Records from a collection:
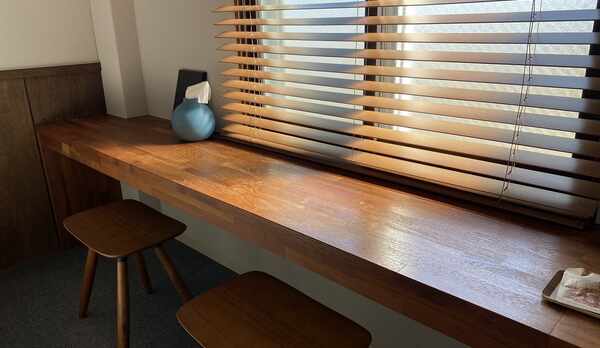 ロキデ本館＜テーブル＞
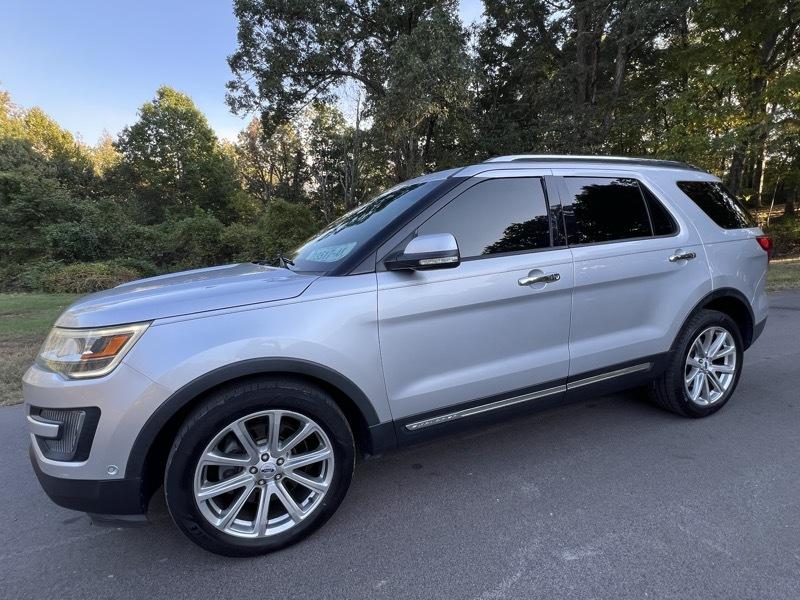 Ford Explorer Limited FWD 2016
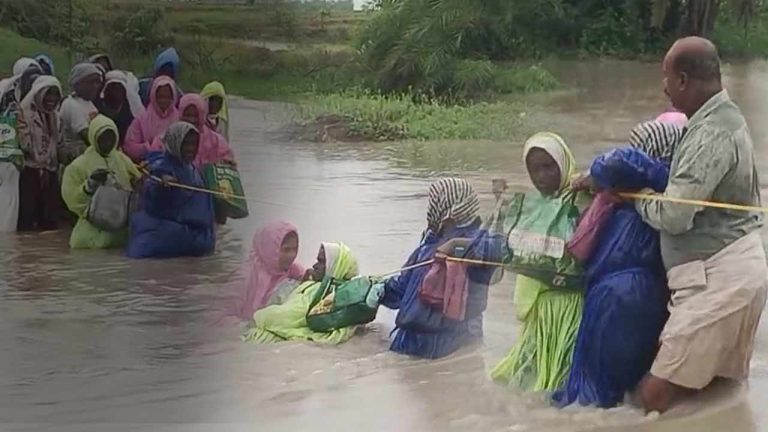 Brave Incident: వాగులో చిక్కుకున్న కూలీలు… కాపాడిన యువకులు.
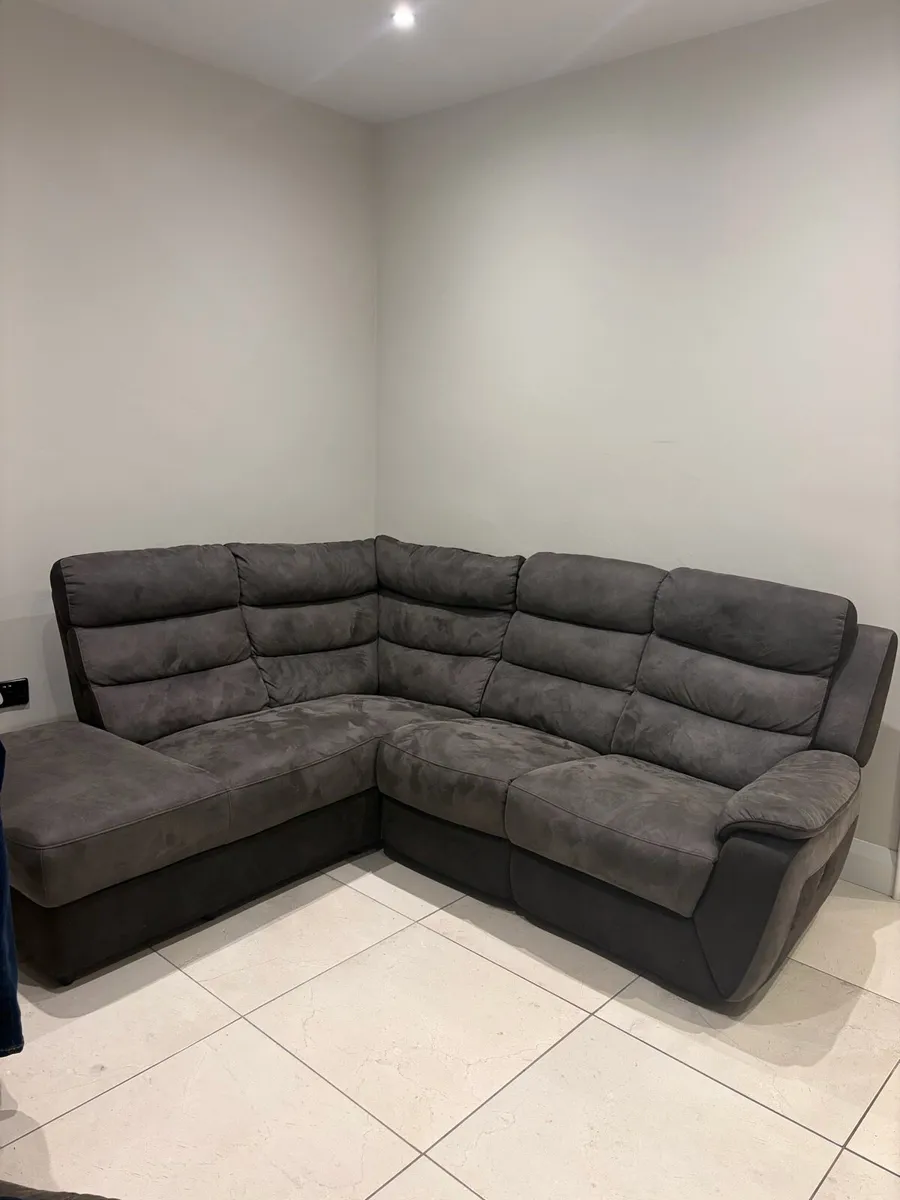 Recliner Couch - Image 2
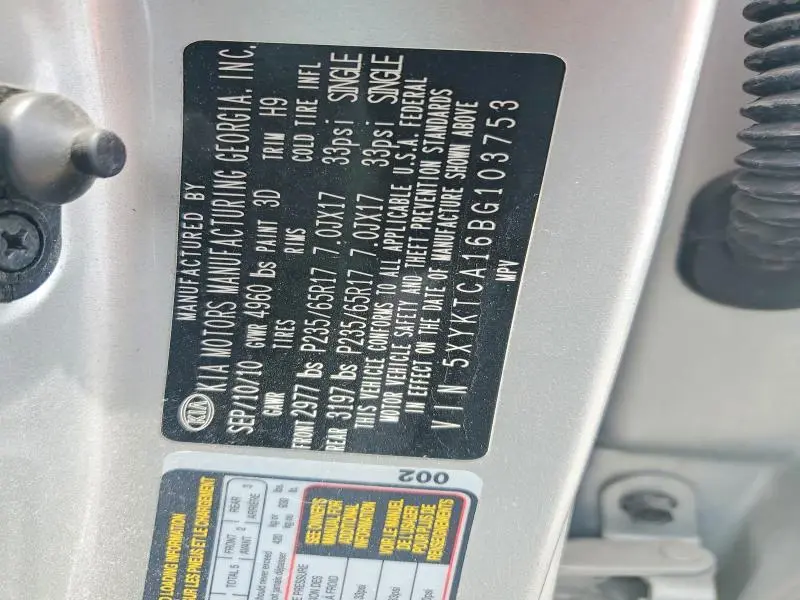 2011 KIA SORENTO LX  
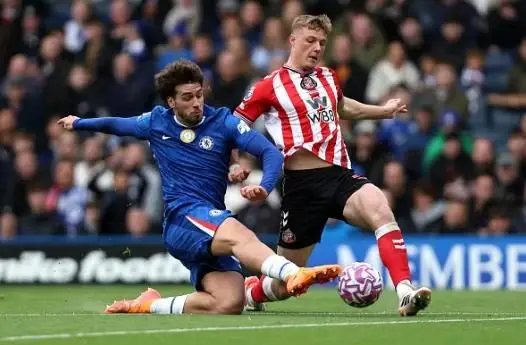 Marc Guiu bi chi trich du doi sau tran thua Sunderland.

DIRECTIONS FOR THIS TASK:
Copy the data exactly. Any picture it contains is to be omitted.

ANSWER TO THE EXERCISE:
 ロキデ本館＜テーブル＞
 Ford Explorer Limited FWD 2016
 Brave Incident: వాగులో చిక్కుకున్న కూలీలు… కాపాడిన యువకులు.
 Recliner Couch - Image 2
 2011 KIA SORENTO LX  
 Marc Guiu bi chi trich du doi sau tran thua Sunderland.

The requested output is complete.